Evangelio (Mc 9,38-40)
Juan le dijo:
—Maestro, hemos visto a uno que expulsaba demonios en tu nombre y se lo hemos prohibido, porque no viene con nosotros.
Jesús contestó:
—No se lo prohibáis, pues no hay nadie que haga un milagro en mi nombre y pueda a continuación hablar mal de mí: el que no está contra nosotros, con nosotros está.
Comentario al Evangelio
Desde muy temprano, Jesús quiso comunicar a sus discípulos algunos poderes como el de sanar enfermos o expulsar demonios. Ver al Maestro realizar estos signos sorprendería a sus discípulos.

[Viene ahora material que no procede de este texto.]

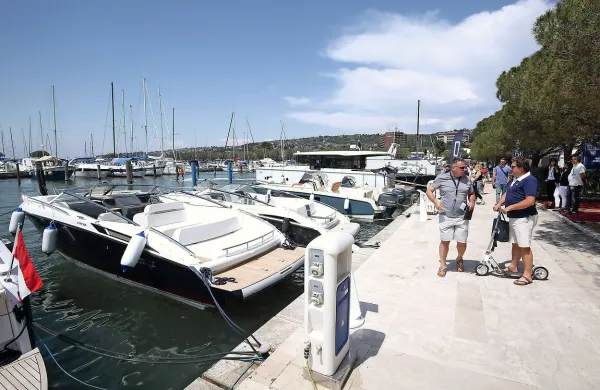 Navtičnega sejma Internautica, ki ga je 23 let gostila Marina 
Portorož in bi se letos po napovedih organizatorja sejma Studia 37 
odvil v Izoli, letos ne bo.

Pero no menos admiración les causaba que pudieran realizarlos ellos mismos y que hasta los demonios se les sometieran en su Nombre (cfr. Lc 10,17). El Señor anticipaba, en cierto sentido, la eficacia que iba a otorgar a su Iglesia a lo largo del tiempo, como partícipe y dispensadora de su triunfo sobre el mal.

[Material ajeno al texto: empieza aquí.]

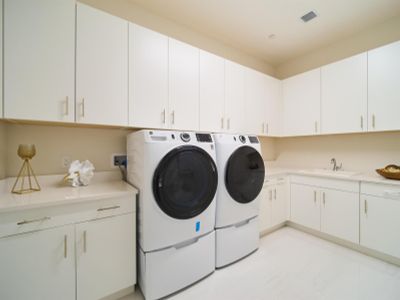 New construction Single-Family house 9124 Coral Isles Cir, Palm Beach Gardens, FL 33412 - image 16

Pero el evangelio de hoy nos cuenta que el discípulo Juan y algunos otros presenciaron cómo alguien que no era de su grupo realizaba también los mismos signos que ellos. Con una autoridad mal entendida y ejercida, se lo prohibieron.

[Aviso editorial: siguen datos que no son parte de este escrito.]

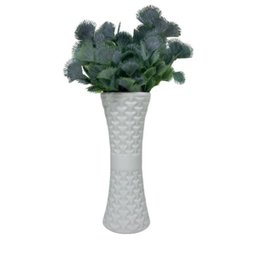 Vaso alto branco trabalhado com planta - 1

Aquellos discípulos celosos, se habían adueñado de lo que tan solo eran dones recibidos y juzgaron a otros indignos de recibirlos también. Tuvieron al menos el talento de contarle al Maestro lo sucedido. La corrección de Jesús no se hizo esperar y la lección tampoco: “nadie que haga un milagro en mi nombre puede a continuación hablar mal de mí” (v. 39).
Todos podemos tener cierta tendencia a mirar con recelo a quien no pertenece al propio grupo, a quien no nos resulta familiar o cercano; a quien hace las cosas de otra manera o con otro espíritu. Esto les pasó a los discípulos. Jesús nos enseña a fomentar una mentalidad abierta, acogedora, universal.
La escena nos invita a no ser intolerantes con los demás, “a no oponernos al bien, venga de donde venga” (Beda, in Marcum 3,39), a no impedir que también otros realicen obras buenas, precisamente porque con ellas ya tendrían algo en común con nosotros, aunque no sean de nuestro grupo, familia o carisma. Por otro lado, no tiene sentido minusvalorar lo propio o querer cambiarlo, por el supuesto éxito espiritual ajeno.